Section 9: Pharmacology

tu.tools.GtoPdb_get_targets(target_type=type, limit=50)  # GPCR, ion channel, etc
tu.tools.GtoPdb_get_target(target_id=tid)  # for disease-relevant targets
tu.tools.GtoPdb_get_target_interactions(target_id=tid)
tu.tools.GtoPdb_search_interactions(approved_only=True)
tu.tools.GtoPdb_list_ligands(ligand_type="Approved")

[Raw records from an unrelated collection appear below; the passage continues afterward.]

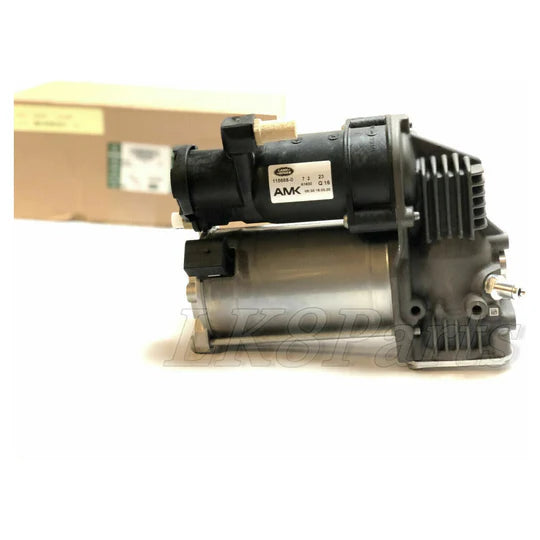 AMK EAS Compressor - Range Rover L405/Range Rover Sport L494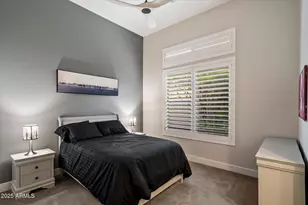 41910 N Congressional Dr, Anthem, AZ 85086 - Photo 36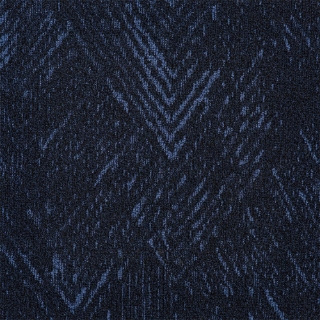 Picture of Mannington Commercial - Mountain Fold Butterfly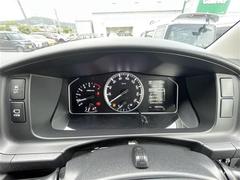 ����Ǽ�֤��ǽ�Ǥ�������Ÿ���Υ���С��ͥåȥ���ǡ��̳�ƻ���鲭��ޤǤɤ��Ǥ⤴Ǽ�ֲ�ǽ���Ǥ����ܺ٤Ϥ����ڤˤ��䤤��碌��������������ξ�����񤬤�����ޤ��� 7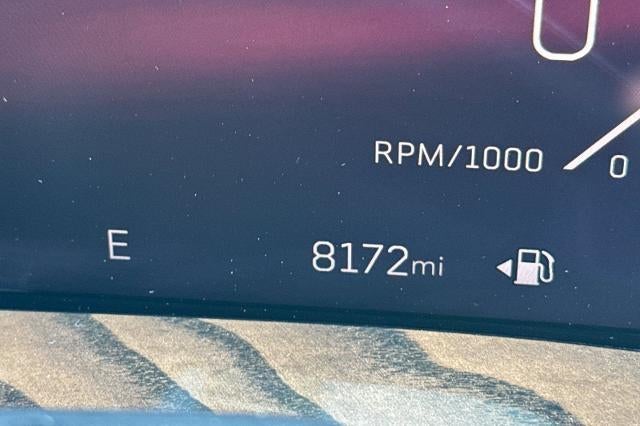 2025 Cadillac Escalade ESV Sport Platinum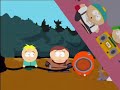 My Tribute to Eric Cartman
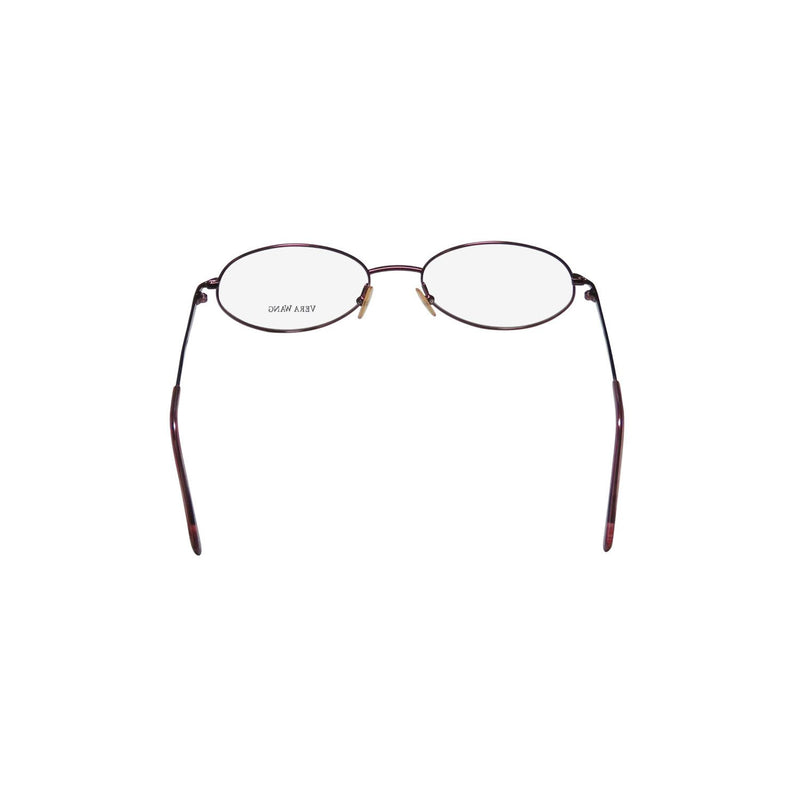 ModaFrames Vera Wang V41 Eyeglasses Eyeglasses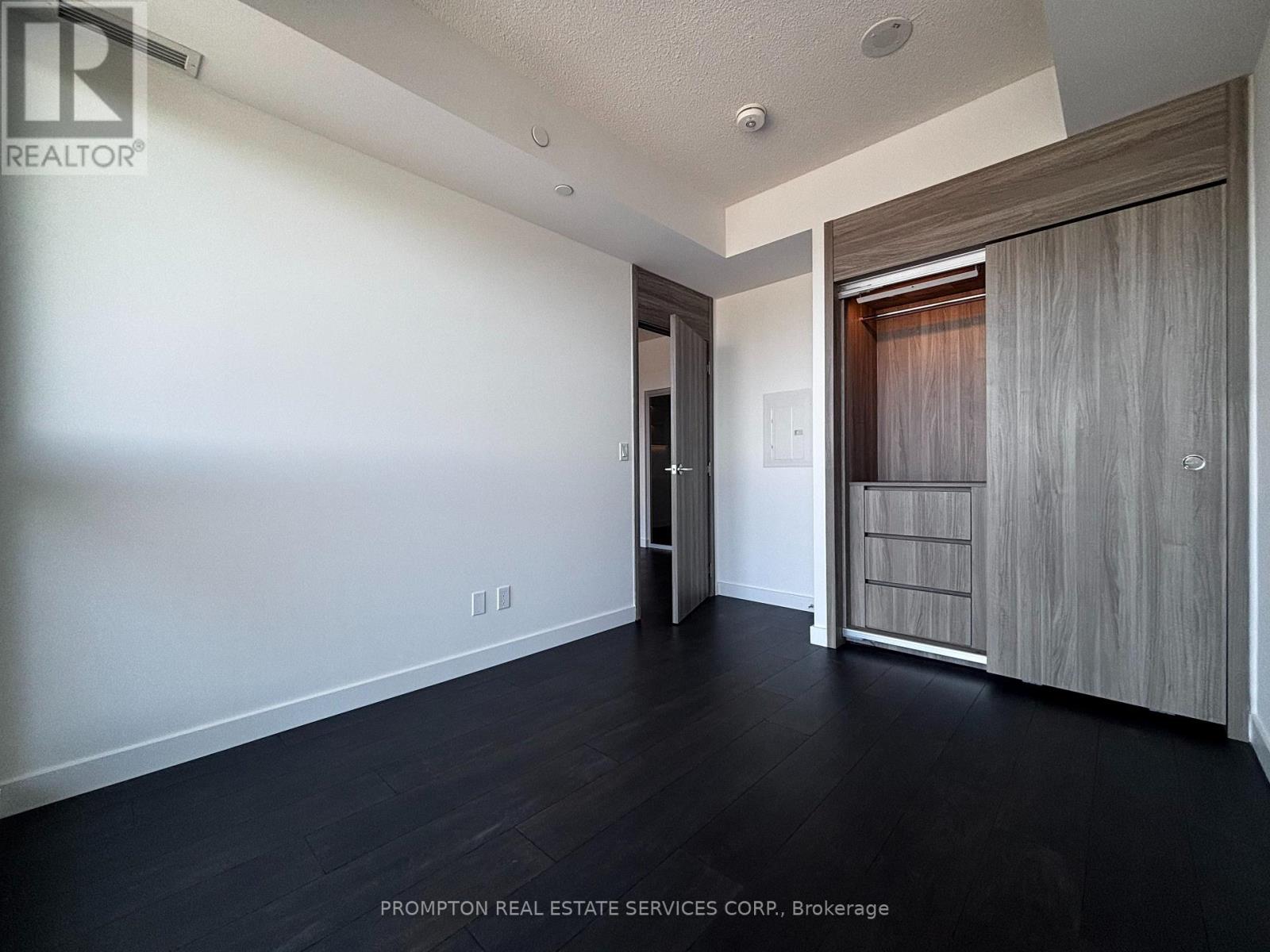 1906 - 75 Billes Heights, Toronto, Ontario M2K 0J8 - Photo 7 - C13165272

Section 10: Safety (use ALL of these)

tu.tools.OpenTargets_get_drug_warnings_by_chemblId(chemblId=cid)  # for each drug
tu.tools.OpenTargets_get_drug_blackbox_status_by_chembl_ID(chemblId=cid)
tu.tools.extract_clinical_trial_adverse_events(nct_ids=nct_list)
tu.tools.FAERS_count_reactions_by_drug_event(drug=drug_name, event=event)
tu.tools.AdverseEventPredictionQuestionGenerator(disease_name=disease, drug_name=drug)

Citation Format

Every piece of data MUST include its source. Use this format:

In Tables

| Gene | Score | Source |
|------|-------|--------|
| APOE | 0.92 | OpenTargets_get_associated_targets_by_disease_efoId |
| APP | 0.88 | OpenTargets_get_associated_targets_by_disease_efoId |

In Lists

- Memory loss [Source: OpenTargets_get_associated_phenotypes_by_disease_efoId]
- Cognitive decline [Source: MedlinePlus_get_genetics_condition_by_name]

In Prose

The disease affects approximately 6.5 million Americans (Source: PubMed_search_articles, 
query: "Alzheimer disease epidemiology").

References Section

At the end of the report, include complete tool usage log:

## References

### Tools Used
| # | Tool | Parameters | Section | Items Retrieved |
|---|------|------------|---------|-----------------|
| 1 | OSL_get_efo_id_by_disease_name | disease="Alzheimer disease" | Identity | 1 |
| 2 | ols_get_efo_term | obo_id="EFO:0000249" | Identity | 1 |
| 3 | OpenTargets_get_associated_targets_by_disease_efoId | efoId="EFO_0000249" | Genetics | 245 |
| ... | ... | ... | ... | ... |

### Data Retrieved Summary
- Total tools used: 45
- Total API calls: 78
- Sections completed: 10/10

Progressive Update Pattern

After researching EACH dimension, immediately update the report file:

# After each dimension's research completes:

# 1. Read current report
with open(report_file, 'r') as f:
    report = f.read()

# 2. Replace placeholder with formatted content
report = report.replace(
    "## 3. Genetic & Molecular Basis\n*Pending...*",
    formatted_genetics_section
)

# 3. Write back immediately
with open(report_file, 'w') as f:
    f.write(report)

# 4. Continue to next dimension

Final Report Quality Checklist

Before presenting to user, verify:

  • All 10 sections have content (or marked as "No data available")
  • Every data point has a source citation
  • Executive summary reflects key findings
  • References section lists all tools used
  • Tables are properly formatted
  • No placeholder text remains

Example Output Structure

For "Alzheimer's Disease" research, the final report should be 2000+ lines with:

  • Section 1: 5+ ontology IDs, 10+ synonyms, disease hierarchy
  • Section 2: 20+ phenotypes with HPO IDs, symptoms list
  • Section 3: 50+ genes with scores, 30+ GWAS associations, 100+ ClinVar variants
  • Section 4: 20+ drugs, 50+ clinical trials with details
  • Section 5: 10+ pathways, PPI network, expression data
  • Section 6: 100+ publications, citation analysis, institution list
  • Section 7: 15+ similar diseases with similarity scores
  • Section 8: (if cancer) variants, evidence items
  • Section 9: Pharmacological targets and interactions
  • Section 10: Drug warnings, adverse events

Total: Detailed report with 500+ individual data points, each with source citation.


Tool Reference

See TOOLS_REFERENCE.md for complete tool documentation. See EXAMPLES.md for sample reports.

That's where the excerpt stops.